Data Contracts
Data Contracts are comprehensive working documents that facilitate the collaborative development of data platforms, ensuring clarity and consistency across teams.
Data Contracts are essential working documents and documentation that streamline the process of building a data platform collaboratively. They serve as a foundation for clear communication, ownership assignment, and consistent understanding across teams.
The most important aspects of data contracts are:
- Clearly defining ownership of the different components
- Establishing definitions in both business and technical terms
This article will explain one approach to implementing data contracts. It is highly recommended to use this only as a starting point and then tailor it to your organization's specific needs and culture.
If you are new to data contracts, start with source contracts and model contracts. Reporting contracts can quickly become outdated due to frequent changes in reports, potentially slowing down your progress.
If you are implementing data contracts in an organization with an already existing data platform, it is recommended to start with just one or a few contracts and then expand to more contracts as you get more knowledgeable about the process and find a better fit for your organization.
It's best practice to assign one primary owner for each component, along with multiple backup owners. This ensures that the data platform can continue to function even if the primary owner is unavailable. One effective way to assign backup owners is to refer to a team or department. For example: John from the Data Team.
Data contracts are not an SLA between people or teams but a document that makes working together easier. They aren't meant to replace collaboration; they are meant to enhance it.
Source Contract
Source System
A source system is the original system or application where data is first created or stored, such as a CRM, ERP, or financial database.
Technical Details
This section should include information about the source system's technical details, such as the database type, API, or data storage format.
Timezone
The timezone in which the source system operates and the timezone of the underlying database.
Currency
The currency used in the source system.
PII
This section should list the personally identifiable information (PII) data stored in the source system.
PII Deletion
This section should outline when and how PII data is deleted from the source system.
Source System Owner
The Source System Owner is responsible for the system.

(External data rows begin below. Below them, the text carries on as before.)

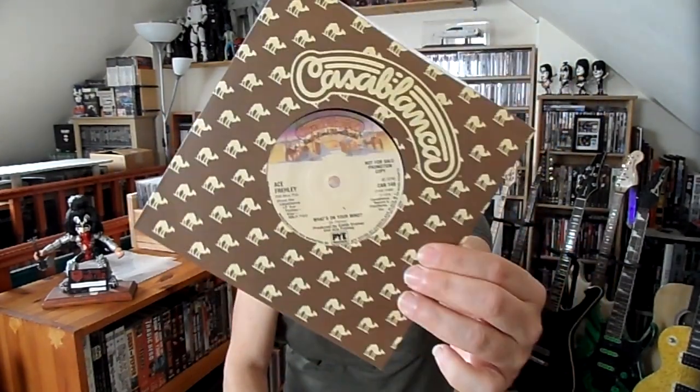Right, last one — Ace Frehley, 'Rip It Out.' Did he release 'Rip It Out' on seven inch? No — this is a bootleg, or counterfeit, although it can't really be a counterfeit because it was never officially released. So it's a bootleg: 'Rip It Out' on the A-side and 'What's on Your Mind' on the B-side. It says 'promotional copy' on it — but it's not official. It's on a UK Pye label. If you ever see one of these, it's not official, but still nice to have in my mind. They're quite hardish to get.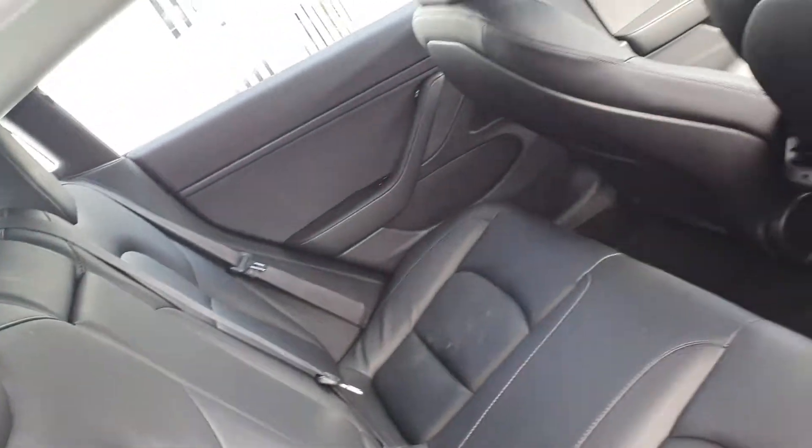As you can see here, there's plenty of space in the back. You have isofix points on each side and a center armrest if needed.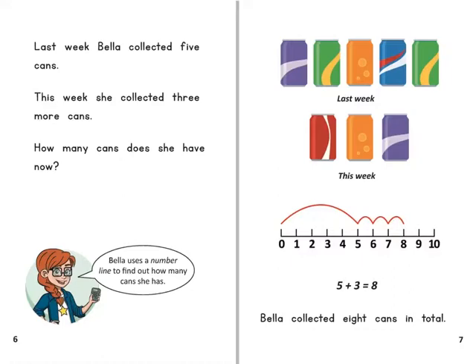Bella uses a number line to find out how many cans she has. Bella collected eight cans in total.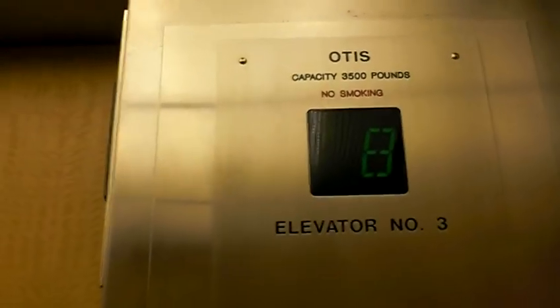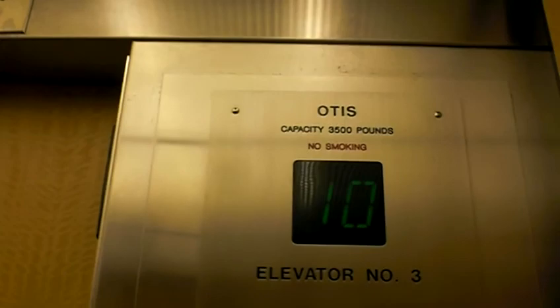It was modernized. Going to LL. There used to be an older indicator up there, as you can tell. 3,500 pounds capacity.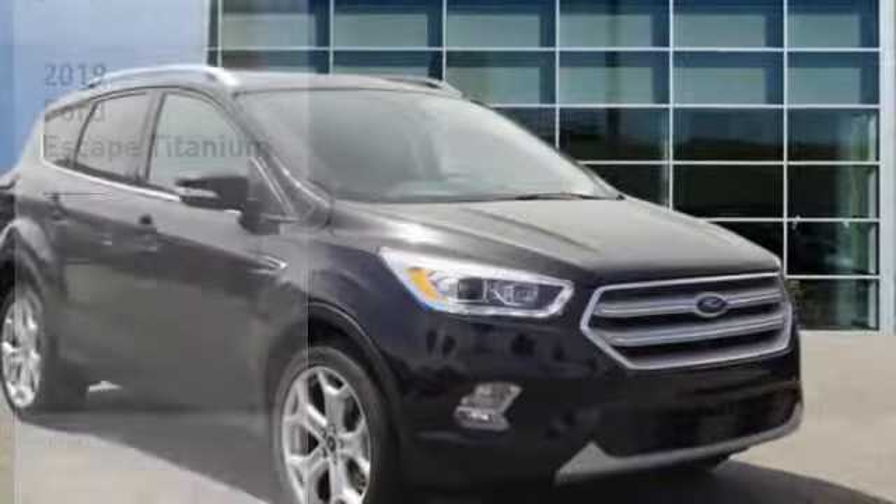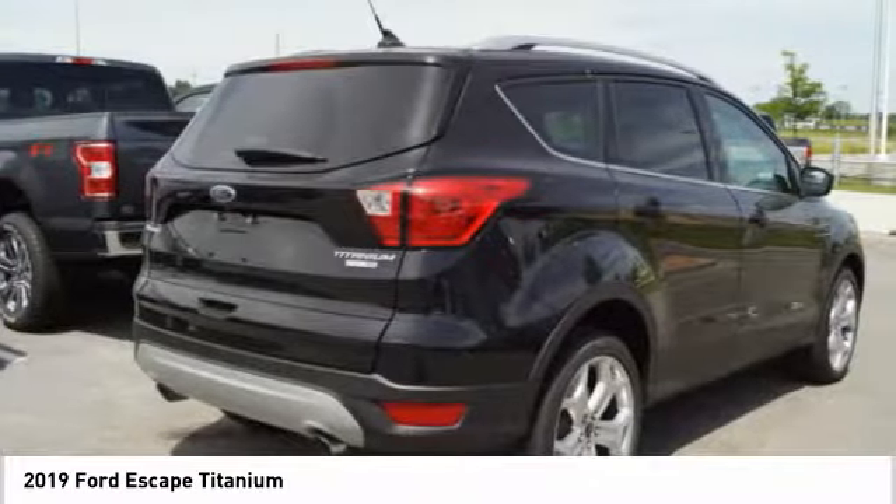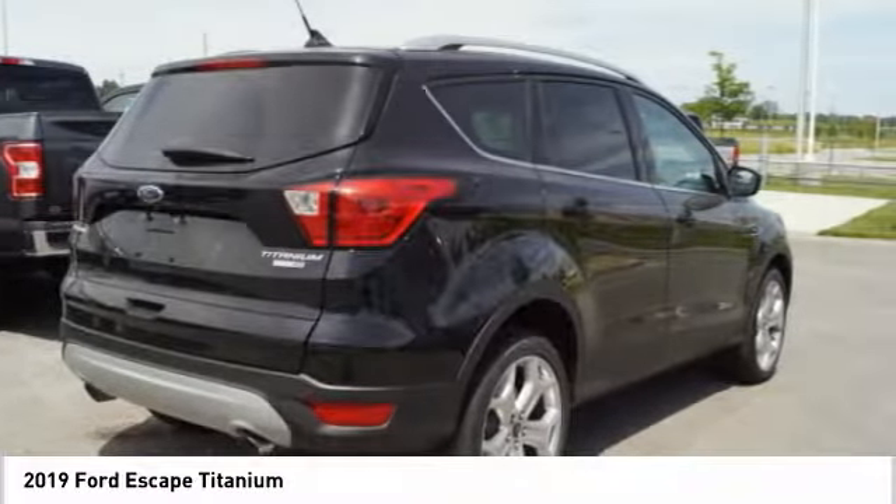Come test drive the 2019 Escape. Gas engines flex, tow, sip, and go with Ford Escape.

This individual should be able to provide access and explain the business logic within the system.
In some cases, there may be multiple people with different system responsibilities. For example, in an accounting system, there could be:
- A person responsible for the general ledger
- A person responsible for accounts payable
- A person who knows how to grant access to the API or database
Integration
An integration is a system or process that moves or syncs data from a source system to a data platform.
Integration System
The most common tools are: Fivetran, Airbyte, Meltano, and Azure Data Factory. Some organizations use custom-built solutions, typically developed in Python and often utilizing frameworks like Airflow, Dagster, or Prefect.
Integration Owner
Main responsibilities:
- Responding to alerts if the integration fails
- Ensuring there are no cost overruns both on the integration system and where the data is stored
The Integration Owner may not necessarily be the person responsible for fixing integration issues if they arise. However, they should be able to delegate the task to the appropriate person or team.
Known Issues
This section should list any known issues with the source system or integration. It should also include any workarounds or solutions that have been implemented.
Model Usage (optional)
This section outlines which data models utilize the source systems.

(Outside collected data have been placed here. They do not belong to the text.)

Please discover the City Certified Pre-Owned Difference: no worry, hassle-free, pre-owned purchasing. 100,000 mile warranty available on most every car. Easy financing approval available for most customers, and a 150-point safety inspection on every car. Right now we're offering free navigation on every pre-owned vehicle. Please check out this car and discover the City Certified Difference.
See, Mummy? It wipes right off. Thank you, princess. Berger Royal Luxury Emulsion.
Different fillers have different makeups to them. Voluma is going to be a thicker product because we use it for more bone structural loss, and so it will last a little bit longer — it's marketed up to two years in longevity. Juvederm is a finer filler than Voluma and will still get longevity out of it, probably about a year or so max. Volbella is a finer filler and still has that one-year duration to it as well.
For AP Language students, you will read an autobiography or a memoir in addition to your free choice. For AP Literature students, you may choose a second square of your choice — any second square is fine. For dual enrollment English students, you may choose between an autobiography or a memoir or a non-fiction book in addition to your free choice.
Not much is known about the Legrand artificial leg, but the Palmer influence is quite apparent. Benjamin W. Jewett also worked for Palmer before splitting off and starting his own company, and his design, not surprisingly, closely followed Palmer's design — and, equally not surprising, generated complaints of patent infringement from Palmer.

It is recommended not to define this when you are starting out with data contracts. The reason is that model usage tends to change frequently, and this part can quickly become outdated.
Source Contract Template
Model Contract
Business
The business is responsible for defining the business logic within a data model.
Business Definitions
Each metric and dimension should have a clear business definition, expressed in straightforward terms rather than acronyms. These definitions should be described in business language and, where applicable, include the relevant calculations.
Table / Data Set:
What is one row in the table? For example, is it a customer, an order, or a product?
Dimensions / Filters:
What are the dimensions or filters in the data model? For example, is it a city, a date, or a department?
Metrics / Calculations:
What are the metrics or calculations in the data model? For example, is it revenue, profit, or customer lifetime value?

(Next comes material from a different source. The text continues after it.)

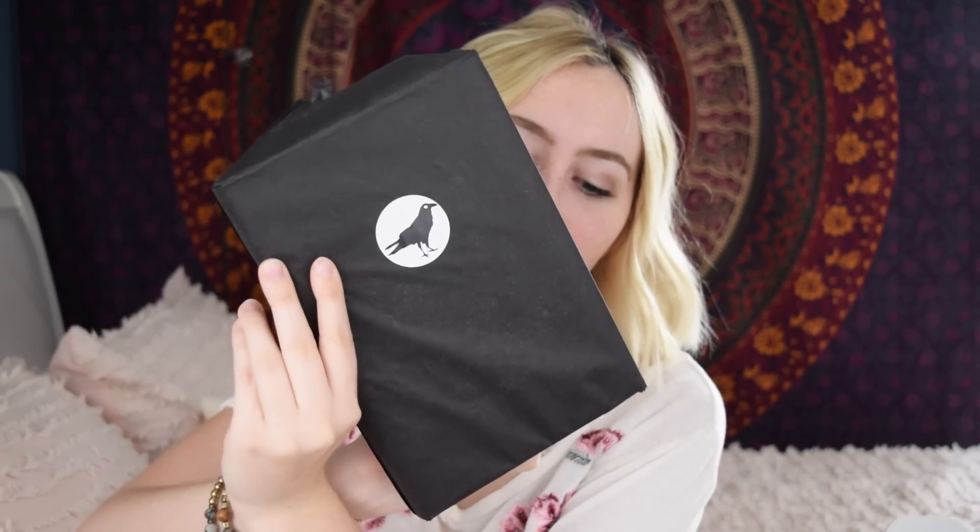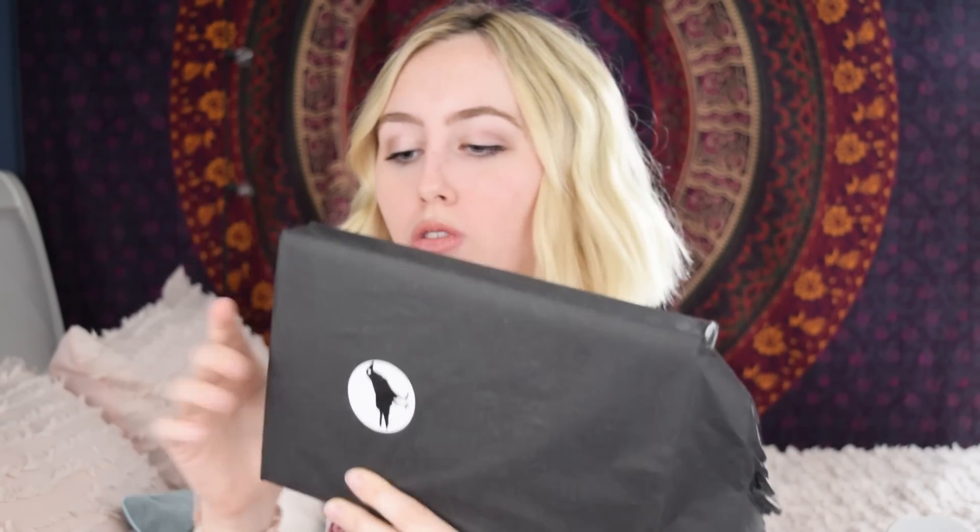Now we're getting down to the book of the box. It's in a really cute black tissue paper with the little Whimsify bird logo on it. What is it with bookish subscription boxes having birds as their logos? Like there's Owlcrate and now there's Whimsify — I think it's kind of cool. Why am I doing this neatly? When have I ever opened a gift neatly? Never. Ooh, what is this?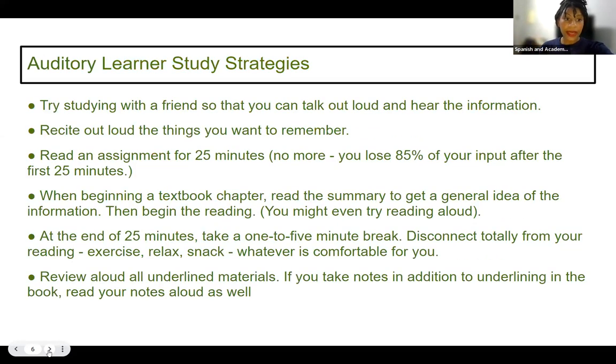Auditory learners should try studying with a friend so they can talk out loud and hear the information, and recite out loud the things they want to remember. They might read an assignment for 25 minutes, then stop because they cannot take in more auditory processing — we're seeing those study times decrease due to shorter attention spans. So read for 25 minutes, pause, synthesize the information, and then begin studying again. When beginning a textbook chapter, read the summary first to get a general idea, then begin reading — probably out loud.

- Customer Lifetime Value: A measure of the total economic value a customer brings over their lifetime.
- Calculation:
(monthly revenue per customer * gross margin) / monthly churn rate
.
Business Owner
Key responsibilities include:
- Providing clarity on business definitions
- Identifying users of the data model
- Determining if and when a data model can be retired or deleted
Source
The Source section provides the technical specifications needed to build the data model.
Source Definitions
Table
To support the business definitions, specify the level of detail for each table by identifying the key columns that define a single row.
Example:
- Customer table: Level of detail is defined by
customer_id
. - Revenue table: Level of detail is defined by
invoice_id, invoice_line_id
.
Columns / Calculations
Each column in the data model should have a precise technical description detailing how it is derived. This can be expressed using SQL, pseudocode, or by referencing specific columns in source tables.
Source Owner
The Source Owner is typically the development manager responsible for the source system, but it can also be a domain expert familiar with the data. Their role is to ensure the technical accuracy and integrity of the data model's source definitions.
Development
The Development section outlines the technical ownership and responsibilities for maintaining the data model.
Development Owner
The Development Owner is typically a member of the data team. This person is responsible for managing the technical aspects of the data model, including fixing bugs, adding new features or objects, answering technical questions, scheduling updates, and overseeing day-to-day operations.
Model Contract Template
Reporting Contract
Depending on the size and complexity of your organization, you might benefit from implementing a reporting contract.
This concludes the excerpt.